I am trying to use the Spanish Wordnet from the Open Multilingual Wordnet in NLTK 3.0, but it seems that it was not downloaded with the 'omw' package. For example, with a code like the following:
from nltk.corpus import wordnet as wn
print [el.lemma_names('spa') for el in wn.synsets('bank')]
I get the following error message:
IOError: No such file or directory: u'***/nltk_data/corpora/omw/spa/wn-data-spa.tab'
According to the documentation, Spanish should be included, in the 'omw' package, but it was not downloaded with it. Do you know why this could happen?

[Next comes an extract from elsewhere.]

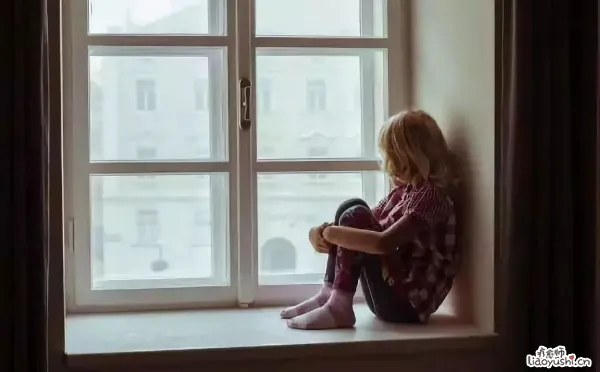 儿童抑郁的12个信号！如果你看到这些症状，请及时和孩子沟通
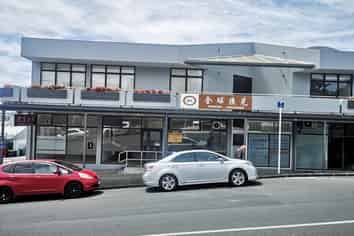 Turnkey takeaway space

Here's the full error traceback if a language is missing from the Open Multilingual WordNet in your nltk_data
>>> from nltk.corpus import wordnet as wn
>>> wn.synsets('bank')[0].lemma_names('spa')
Traceback (most recent call last):
File "<stdin>", line 1, in <module>
File "/usr/local/lib/python2.7/dist-packages/nltk/corpus/reader/wordnet.py", line 418, in lemma_names
File "/usr/local/lib/python2.7/dist-packages/nltk/corpus/reader/wordnet.py", line 1070, in _load_lang_data
f = self._omw_reader.open('{0:}/wn-data-{0:}.tab'.format(lang))
File "/usr/local/lib/python2.7/dist-packages/nltk/corpus/reader/api.py", line 198, in open
stream = self._root.join(file).open(encoding)
File "/usr/local/lib/python2.7/dist-packages/nltk/data.py", line 309, in join
return FileSystemPathPointer(_path)
File "/usr/local/lib/python2.7/dist-packages/nltk/compat.py", line 380, in _decorator
return init_func(*args, **kwargs)
File "/usr/local/lib/python2.7/dist-packages/nltk/data.py", line 287, in __init__
raise IOError('No such file or directory: %r' % _path)
IOError: No such file or directory: u'/home/alvas/nltk_data/corpora/omw/spa/wn-data-spa.tab'
So the first thing is to check whether it's installed automatically:
>>> import nltk
>>> nltk.download('omw')
[nltk_data] Downloading package omw to /home/alvas/nltk_data...
[nltk_data] Package omw is already up-to-date!
Then you should go and check the nltk_data and find that 'spa' folder is missing:
alvas@ubi:~/nltk_data/corpora/omw$ ls
als arb cmn dan eng fas fin fra fre heb ita jpn mcr msa nor pol por README tha
So here's the short term solution:
$ wget http://compling.hss.ntu.edu.sg/omw/wns/spa.zip
$ mkdir ~/nltk_data/corpora/omw/spa
$ unzip -p spa.zip mcr/wn-data-spa.tab > ~/nltk_data/corpora/omw/spa/wn-data-spa.tab
Alternatively, you can simply copy the file from nltk_data/corpora/omw/mcr/wn-data-spa.tab
>>> from nltk.corpus import wordnet as wn
>>> wn.synsets('bank')[0].lemma_names('spa')
[u'margen', u'orilla', u'vera']
Now the lemma_names()
should work for Spanish, if you're looking for other languages from the Open Multilingusl Wordnet, you can browse here (http://compling.hss.ntu.edu.sg/omw/) and then download and put in the respective nltk_data directory.
The long term solution would be to ask the devs from NLTK and OMW project to update their datasets for their NLTK API.